The trespasser can hear her now, dripping among the dead leaves as he lights his candle, the guttering flame his alibi, but he pays no heed. He can see the eyes of my cats in the shadows, glinting towards a wriggling sack—it’s too late in the year for fireflies, but it’s only odd enough to give him pause, not enough to stay his hand.
He’ll wish it had been.
Cats don’t mind being dead—they cross back and forth where they will, and both life and afterlife have enough to keep them amused—but they loathe disrespect. They’ll tolerate a pack of teenagers and their destructive, drunken games, but this is no child, no game. We know this man. He comes sober, calls to no one. His first was a dog, a stray beagle that howled the woods down before its neck snapped. That had people talking. One spring it was a nestful of starlings in the crook of his arm—seven quick twists, a sudden silence, a stillness in his face like relief—and then a scattering of tiny bodies in the leaves, and he was gone. The cats—I only had a few back then—tossed them around a bit, but only because something like that is expected of them.

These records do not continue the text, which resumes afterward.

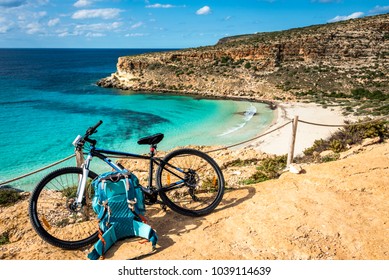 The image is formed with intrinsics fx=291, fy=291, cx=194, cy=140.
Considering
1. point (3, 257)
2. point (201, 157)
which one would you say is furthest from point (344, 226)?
point (3, 257)

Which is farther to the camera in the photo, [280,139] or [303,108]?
[303,108]

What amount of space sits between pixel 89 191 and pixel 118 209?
3.35 feet

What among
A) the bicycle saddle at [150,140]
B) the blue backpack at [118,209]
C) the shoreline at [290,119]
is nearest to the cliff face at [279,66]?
the shoreline at [290,119]

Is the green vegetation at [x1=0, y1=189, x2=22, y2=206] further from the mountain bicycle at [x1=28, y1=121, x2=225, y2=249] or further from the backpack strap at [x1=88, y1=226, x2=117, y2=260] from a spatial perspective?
the backpack strap at [x1=88, y1=226, x2=117, y2=260]

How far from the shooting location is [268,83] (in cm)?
4231

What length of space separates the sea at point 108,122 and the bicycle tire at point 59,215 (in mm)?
8511

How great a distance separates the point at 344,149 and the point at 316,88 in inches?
1293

You could tell they didn’t have much taste for it in the way they stared after him as he slipped through the trees and back into town, back into his lie of a life, thinking he’d left his violence buried and forgotten.
He switched to cats right quick. Hardly anyone comments on them, and they’re easy to come by with so many roaming the streets. For three years he’s been bringing the cats here to do his work, leaving them where kids might leave theirs, the candle a disguise, cruelty dressed in sacrificial garb. But he doesn’t know that cats stick around. He doesn’t think that someone here might have a few comments for him.
He doesn’t know that cats stick around, and he’s left me a horde of them.
He drops the hissing sack to the ground, kneels beside it, picks at the knotted string as the burlap writhes.
The cats wait, hungry, backs stiff in the shadows, and the Beckys, uncalled for and so unchanged, array ourselves behind them as ourselves, a double circle of long frustration and sudden freedom. You don’t have to be a witch to harness this.